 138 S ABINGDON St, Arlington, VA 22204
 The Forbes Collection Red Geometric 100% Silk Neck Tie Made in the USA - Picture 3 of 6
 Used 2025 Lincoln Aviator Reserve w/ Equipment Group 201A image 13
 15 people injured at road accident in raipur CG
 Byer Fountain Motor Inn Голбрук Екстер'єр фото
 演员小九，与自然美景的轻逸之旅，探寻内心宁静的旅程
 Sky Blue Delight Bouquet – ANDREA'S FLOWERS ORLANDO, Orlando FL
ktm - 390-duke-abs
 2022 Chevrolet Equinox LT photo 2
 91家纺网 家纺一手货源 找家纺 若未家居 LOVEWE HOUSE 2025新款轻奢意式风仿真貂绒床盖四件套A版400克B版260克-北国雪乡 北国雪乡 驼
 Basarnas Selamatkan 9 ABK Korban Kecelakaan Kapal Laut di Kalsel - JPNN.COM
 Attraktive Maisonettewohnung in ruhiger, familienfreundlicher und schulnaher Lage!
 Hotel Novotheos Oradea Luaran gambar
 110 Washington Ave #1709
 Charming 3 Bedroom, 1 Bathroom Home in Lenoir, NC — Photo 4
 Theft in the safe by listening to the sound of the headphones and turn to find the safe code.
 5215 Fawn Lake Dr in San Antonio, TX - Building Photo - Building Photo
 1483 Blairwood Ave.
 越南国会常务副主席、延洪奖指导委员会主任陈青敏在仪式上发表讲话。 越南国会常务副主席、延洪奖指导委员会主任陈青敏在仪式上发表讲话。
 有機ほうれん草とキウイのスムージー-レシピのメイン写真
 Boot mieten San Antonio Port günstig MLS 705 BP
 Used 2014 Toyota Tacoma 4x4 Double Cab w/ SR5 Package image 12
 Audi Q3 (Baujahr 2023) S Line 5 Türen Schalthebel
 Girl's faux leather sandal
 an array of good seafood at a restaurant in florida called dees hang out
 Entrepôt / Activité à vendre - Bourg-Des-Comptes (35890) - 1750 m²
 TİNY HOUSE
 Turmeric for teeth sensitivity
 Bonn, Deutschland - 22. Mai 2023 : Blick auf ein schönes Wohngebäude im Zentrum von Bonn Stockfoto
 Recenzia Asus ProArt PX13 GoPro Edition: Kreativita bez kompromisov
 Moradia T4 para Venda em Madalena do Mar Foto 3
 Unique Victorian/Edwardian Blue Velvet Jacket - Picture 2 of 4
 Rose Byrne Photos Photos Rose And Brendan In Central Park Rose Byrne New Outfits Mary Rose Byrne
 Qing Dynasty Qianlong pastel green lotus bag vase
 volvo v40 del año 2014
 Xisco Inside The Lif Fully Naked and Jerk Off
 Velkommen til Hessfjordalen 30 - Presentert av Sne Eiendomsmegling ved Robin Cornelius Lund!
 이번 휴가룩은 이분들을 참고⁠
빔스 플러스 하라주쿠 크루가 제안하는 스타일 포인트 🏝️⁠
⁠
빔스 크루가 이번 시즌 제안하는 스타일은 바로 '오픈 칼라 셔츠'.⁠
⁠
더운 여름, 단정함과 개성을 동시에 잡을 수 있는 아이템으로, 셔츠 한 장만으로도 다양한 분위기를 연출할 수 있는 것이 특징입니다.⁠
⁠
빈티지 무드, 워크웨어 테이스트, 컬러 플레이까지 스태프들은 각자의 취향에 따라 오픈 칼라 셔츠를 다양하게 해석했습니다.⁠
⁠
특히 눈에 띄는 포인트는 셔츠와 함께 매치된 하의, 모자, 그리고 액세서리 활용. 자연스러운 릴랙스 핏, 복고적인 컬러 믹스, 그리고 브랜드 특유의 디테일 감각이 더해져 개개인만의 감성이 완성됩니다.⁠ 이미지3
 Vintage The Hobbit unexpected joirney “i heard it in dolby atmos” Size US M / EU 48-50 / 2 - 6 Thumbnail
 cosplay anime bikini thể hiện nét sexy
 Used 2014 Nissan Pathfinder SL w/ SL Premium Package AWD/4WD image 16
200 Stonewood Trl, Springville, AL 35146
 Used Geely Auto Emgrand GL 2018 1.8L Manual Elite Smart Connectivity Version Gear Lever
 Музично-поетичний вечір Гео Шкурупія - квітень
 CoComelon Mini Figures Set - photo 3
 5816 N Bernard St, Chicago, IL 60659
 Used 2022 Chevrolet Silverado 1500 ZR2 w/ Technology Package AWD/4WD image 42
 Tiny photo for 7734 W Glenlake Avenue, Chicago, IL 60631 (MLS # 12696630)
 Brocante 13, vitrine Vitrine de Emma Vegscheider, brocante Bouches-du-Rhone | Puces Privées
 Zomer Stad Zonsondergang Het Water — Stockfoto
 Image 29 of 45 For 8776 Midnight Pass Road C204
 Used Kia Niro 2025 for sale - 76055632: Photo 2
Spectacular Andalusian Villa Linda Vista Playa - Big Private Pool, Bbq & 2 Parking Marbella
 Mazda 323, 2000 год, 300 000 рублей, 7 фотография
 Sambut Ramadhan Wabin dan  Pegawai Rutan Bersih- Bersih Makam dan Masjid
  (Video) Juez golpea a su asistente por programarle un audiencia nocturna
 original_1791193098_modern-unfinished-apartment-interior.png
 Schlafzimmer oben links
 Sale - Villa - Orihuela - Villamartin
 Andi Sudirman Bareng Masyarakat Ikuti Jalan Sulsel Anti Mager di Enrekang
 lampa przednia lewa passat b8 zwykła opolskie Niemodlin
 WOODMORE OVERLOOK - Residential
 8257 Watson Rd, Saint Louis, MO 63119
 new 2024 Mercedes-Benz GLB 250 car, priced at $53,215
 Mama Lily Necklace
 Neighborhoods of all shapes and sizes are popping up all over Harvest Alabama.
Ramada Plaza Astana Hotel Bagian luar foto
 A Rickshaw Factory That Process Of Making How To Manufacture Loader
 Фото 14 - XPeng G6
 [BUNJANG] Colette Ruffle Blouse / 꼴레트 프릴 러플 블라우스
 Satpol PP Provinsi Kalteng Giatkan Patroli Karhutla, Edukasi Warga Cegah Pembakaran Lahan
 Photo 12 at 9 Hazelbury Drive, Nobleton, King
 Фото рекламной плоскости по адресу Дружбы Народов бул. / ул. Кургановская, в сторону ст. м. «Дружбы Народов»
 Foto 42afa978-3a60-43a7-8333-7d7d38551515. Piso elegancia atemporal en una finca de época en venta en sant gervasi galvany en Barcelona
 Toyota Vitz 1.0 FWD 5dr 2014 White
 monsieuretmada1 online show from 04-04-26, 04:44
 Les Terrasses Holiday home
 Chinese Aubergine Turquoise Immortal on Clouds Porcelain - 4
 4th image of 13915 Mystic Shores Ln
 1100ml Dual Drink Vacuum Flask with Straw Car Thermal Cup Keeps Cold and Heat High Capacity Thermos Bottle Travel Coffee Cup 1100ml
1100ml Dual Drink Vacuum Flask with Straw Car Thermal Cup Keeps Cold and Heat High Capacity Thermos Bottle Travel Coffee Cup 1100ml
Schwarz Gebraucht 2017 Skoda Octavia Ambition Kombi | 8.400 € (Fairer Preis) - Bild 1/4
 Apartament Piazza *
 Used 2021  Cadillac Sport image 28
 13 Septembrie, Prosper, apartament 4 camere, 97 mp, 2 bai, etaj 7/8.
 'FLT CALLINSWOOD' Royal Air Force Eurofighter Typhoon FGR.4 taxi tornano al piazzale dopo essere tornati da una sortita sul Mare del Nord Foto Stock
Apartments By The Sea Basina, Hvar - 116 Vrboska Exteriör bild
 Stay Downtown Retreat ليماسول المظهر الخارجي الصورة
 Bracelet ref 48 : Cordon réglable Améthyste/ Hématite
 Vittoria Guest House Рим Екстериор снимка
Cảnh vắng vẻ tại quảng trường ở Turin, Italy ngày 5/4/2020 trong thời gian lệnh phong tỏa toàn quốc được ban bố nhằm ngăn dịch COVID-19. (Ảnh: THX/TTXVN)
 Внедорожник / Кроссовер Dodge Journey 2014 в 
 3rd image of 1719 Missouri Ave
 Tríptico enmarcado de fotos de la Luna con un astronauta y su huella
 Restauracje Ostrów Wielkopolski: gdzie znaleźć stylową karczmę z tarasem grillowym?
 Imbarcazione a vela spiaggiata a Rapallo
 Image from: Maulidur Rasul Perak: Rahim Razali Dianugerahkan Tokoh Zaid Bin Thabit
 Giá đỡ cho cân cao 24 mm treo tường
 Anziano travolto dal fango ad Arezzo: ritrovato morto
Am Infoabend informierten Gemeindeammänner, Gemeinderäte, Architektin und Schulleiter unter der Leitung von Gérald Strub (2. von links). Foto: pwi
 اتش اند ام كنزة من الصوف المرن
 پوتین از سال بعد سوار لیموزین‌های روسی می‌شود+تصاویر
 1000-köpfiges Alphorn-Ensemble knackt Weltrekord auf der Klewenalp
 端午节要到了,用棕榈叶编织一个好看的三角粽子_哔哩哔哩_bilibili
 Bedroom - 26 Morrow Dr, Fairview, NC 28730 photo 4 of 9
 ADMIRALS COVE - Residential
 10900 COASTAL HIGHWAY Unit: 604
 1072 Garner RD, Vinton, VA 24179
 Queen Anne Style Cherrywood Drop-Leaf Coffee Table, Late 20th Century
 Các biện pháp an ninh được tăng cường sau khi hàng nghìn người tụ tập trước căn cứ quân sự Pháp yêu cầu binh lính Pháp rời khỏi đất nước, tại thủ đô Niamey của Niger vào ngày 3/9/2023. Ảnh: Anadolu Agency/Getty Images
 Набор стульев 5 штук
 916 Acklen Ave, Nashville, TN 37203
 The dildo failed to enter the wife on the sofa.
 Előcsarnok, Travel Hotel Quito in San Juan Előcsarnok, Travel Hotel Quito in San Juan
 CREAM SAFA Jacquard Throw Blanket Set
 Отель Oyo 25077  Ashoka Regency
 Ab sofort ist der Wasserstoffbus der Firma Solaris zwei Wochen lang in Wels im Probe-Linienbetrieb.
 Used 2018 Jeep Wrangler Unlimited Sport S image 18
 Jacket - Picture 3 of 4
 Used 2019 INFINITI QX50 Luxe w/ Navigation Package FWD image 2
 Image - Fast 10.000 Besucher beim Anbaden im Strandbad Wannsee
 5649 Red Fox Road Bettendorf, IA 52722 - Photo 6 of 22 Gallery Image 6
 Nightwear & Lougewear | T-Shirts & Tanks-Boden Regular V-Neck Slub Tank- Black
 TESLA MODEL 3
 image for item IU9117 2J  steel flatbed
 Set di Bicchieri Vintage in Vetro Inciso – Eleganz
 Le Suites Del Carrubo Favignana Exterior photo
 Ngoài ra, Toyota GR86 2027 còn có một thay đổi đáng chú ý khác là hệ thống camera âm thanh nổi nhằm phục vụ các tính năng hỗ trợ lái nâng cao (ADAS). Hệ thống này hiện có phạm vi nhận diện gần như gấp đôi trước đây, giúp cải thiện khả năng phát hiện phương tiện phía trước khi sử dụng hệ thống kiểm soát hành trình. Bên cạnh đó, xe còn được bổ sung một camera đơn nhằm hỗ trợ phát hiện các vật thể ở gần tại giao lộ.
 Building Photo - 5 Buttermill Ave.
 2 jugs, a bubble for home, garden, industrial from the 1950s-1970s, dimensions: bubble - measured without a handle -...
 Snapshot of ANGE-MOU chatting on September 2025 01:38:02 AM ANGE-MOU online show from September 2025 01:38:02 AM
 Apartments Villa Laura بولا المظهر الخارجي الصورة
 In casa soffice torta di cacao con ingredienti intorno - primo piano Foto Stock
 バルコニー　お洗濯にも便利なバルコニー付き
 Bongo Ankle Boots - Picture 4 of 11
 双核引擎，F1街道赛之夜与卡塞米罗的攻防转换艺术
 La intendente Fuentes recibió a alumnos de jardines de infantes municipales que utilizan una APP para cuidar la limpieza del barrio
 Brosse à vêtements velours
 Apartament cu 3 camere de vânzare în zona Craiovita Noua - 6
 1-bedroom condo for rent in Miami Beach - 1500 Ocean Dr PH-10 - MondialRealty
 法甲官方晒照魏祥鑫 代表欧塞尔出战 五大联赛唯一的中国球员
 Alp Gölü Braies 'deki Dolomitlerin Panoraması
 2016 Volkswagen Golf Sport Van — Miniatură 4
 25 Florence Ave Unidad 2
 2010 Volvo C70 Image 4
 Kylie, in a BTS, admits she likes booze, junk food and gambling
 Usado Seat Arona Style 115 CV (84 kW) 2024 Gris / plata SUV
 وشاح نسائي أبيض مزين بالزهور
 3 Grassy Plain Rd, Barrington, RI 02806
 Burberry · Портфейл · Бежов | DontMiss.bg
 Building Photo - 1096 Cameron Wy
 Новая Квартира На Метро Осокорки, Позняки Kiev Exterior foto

Task to carry out
From the first line of the data above through the line containing "Bonn, Deutschland - 22.", repeat each line exactly, and add nothing.

Exercise solution
 138 S ABINGDON St, Arlington, VA 22204
 The Forbes Collection Red Geometric 100% Silk Neck Tie Made in the USA - Picture 3 of 6
 Used 2025 Lincoln Aviator Reserve w/ Equipment Group 201A image 13
 15 people injured at road accident in raipur CG
 Byer Fountain Motor Inn Голбрук Екстер'єр фото
 演员小九，与自然美景的轻逸之旅，探寻内心宁静的旅程
 Sky Blue Delight Bouquet – ANDREA'S FLOWERS ORLANDO, Orlando FL
ktm - 390-duke-abs
 2022 Chevrolet Equinox LT photo 2
 91家纺网 家纺一手货源 找家纺 若未家居 LOVEWE HOUSE 2025新款轻奢意式风仿真貂绒床盖四件套A版400克B版260克-北国雪乡 北国雪乡 驼
 Basarnas Selamatkan 9 ABK Korban Kecelakaan Kapal Laut di Kalsel - JPNN.COM
 Attraktive Maisonettewohnung in ruhiger, familienfreundlicher und schulnaher Lage!
 Hotel Novotheos Oradea Luaran gambar
 110 Washington Ave #1709
 Charming 3 Bedroom, 1 Bathroom Home in Lenoir, NC — Photo 4
 Theft in the safe by listening to the sound of the headphones and turn to find the safe code.
 5215 Fawn Lake Dr in San Antonio, TX - Building Photo - Building Photo
 1483 Blairwood Ave.
 越南国会常务副主席、延洪奖指导委员会主任陈青敏在仪式上发表讲话。 越南国会常务副主席、延洪奖指导委员会主任陈青敏在仪式上发表讲话。
 有機ほうれん草とキウイのスムージー-レシピのメイン写真
 Boot mieten San Antonio Port günstig MLS 705 BP
 Used 2014 Toyota Tacoma 4x4 Double Cab w/ SR5 Package image 12
 Audi Q3 (Baujahr 2023) S Line 5 Türen Schalthebel
 Girl's faux leather sandal
 an array of good seafood at a restaurant in florida called dees hang out
 Entrepôt / Activité à vendre - Bourg-Des-Comptes (35890) - 1750 m²
 TİNY HOUSE
 Turmeric for teeth sensitivity
 Bonn, Deutschland - 22. Mai 2023 : Blick auf ein schönes Wohngebäude im Zentrum von Bonn Stockfoto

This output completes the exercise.